Extract each item from a column of lists and then pick the top items
Question:
I have the following DateFrame:
| tag | list |
| -------- | ----------------------------------------------------|
| icecream | [['A',0.9],['B',0.6],['C',0.5],['D',0.3],['E',0.1]] |
| potato | [['U',0.8],['V',0.7],['W',0.4],['X',0.3],['Y',0.2]] |
The column list is a list of lists with each list having an item and a value between 1 to 0. The lists are arranged in descending order of this value.
I want to extract each item from here and get the top 3 item but not the item itself. Resultant data frame should be:
| item | top_3 |
| ---- | --------------------------------|
| A | [['B',0.6],['C',0.5],['D',0.3]] |
| B | [['A',0.9],['C',0.5],['D',0.3]] |
| C | [['A',0.9],['B',0.6],['D',0.3]] |
| D | [['A',0.9],['B',0.6],['C',0.5]] |
| E | [['A',0.9],['B',0.6],['C',0.5]] |
| U | [['V',0.7],['W',0.4],['X',0.3]] |
| V | [['U',0.8],['W',0.4],['X',0.3]] |
| W | [['U',0.8],['V',0.7],['X',0.3]] |
| X | [['U',0.8],['V',0.7],['W',0.4]] |
| Y | [['U',0.8],['V',0.7],['W',0.4]] |
I tried and I am able to extract the value, I am stuck at the part where I want to ignore the item itself while creating the top_3. This is what I have done:
data = [['icecream', [['A', 0.9],['B', 0.6],['C',0.5],['D',0.3],['E',0.1]]],
['potato', [['U', 0.8],['V', 0.7],['W',0.4],['X',0.3],['Y',0.2]]]]

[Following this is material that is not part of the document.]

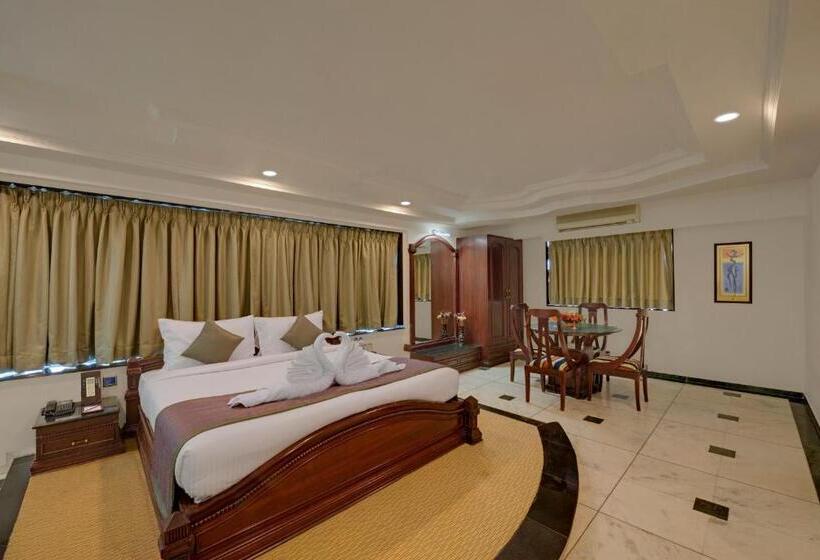 Quarto Estandar, K K Beacon India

df = pd.DataFrame(data, columns=['tag', 'list'])
df
--
temp = {}
for idx, row in df.iterrows():
for item in row["list"]:
temp[item[0]] = row["tag"]
top_items = {}
for idx, row in df.iterrows():
top_items[row["tag"]] = row["list"]
similar = []
for item, category in temp.items():
top_3 = top_items.get(category)
sample = top_3[:3]
similar.append([item, sample])
df = pd.DataFrame(similar)
df.columns = ["item", "top_3"]
My result:
| item | top_3 |
| ---- | --------------------------------|
| A | [['A',0.9],['B',0.6],['C',0.5]] |
| B | [['A',0.9],['B',0.6],['C',0.5]] |
| C | [['A',0.9],['B',0.6],['C',0.5]] |
| D | [['A',0.9],['B',0.6],['C',0.5]] |
| E | [['A',0.9],['B',0.6],['C',0.5]] |
| U | [['U',0.8],['V',0.7],['W',0.4]] |
| V | [['U',0.8],['V',0.7],['W',0.4]] |
| W | [['U',0.8],['V',0.7],['W',0.4]] |
| X | [['U',0.8],['V',0.7],['W',0.4]] |
| Y | [['U',0.8],['V',0.7],['W',0.4]] |
You see, the top_3 is wrong for A,B,C,U,V,W because in all cases it takes top 3 and thus doesn’t care about the item itself.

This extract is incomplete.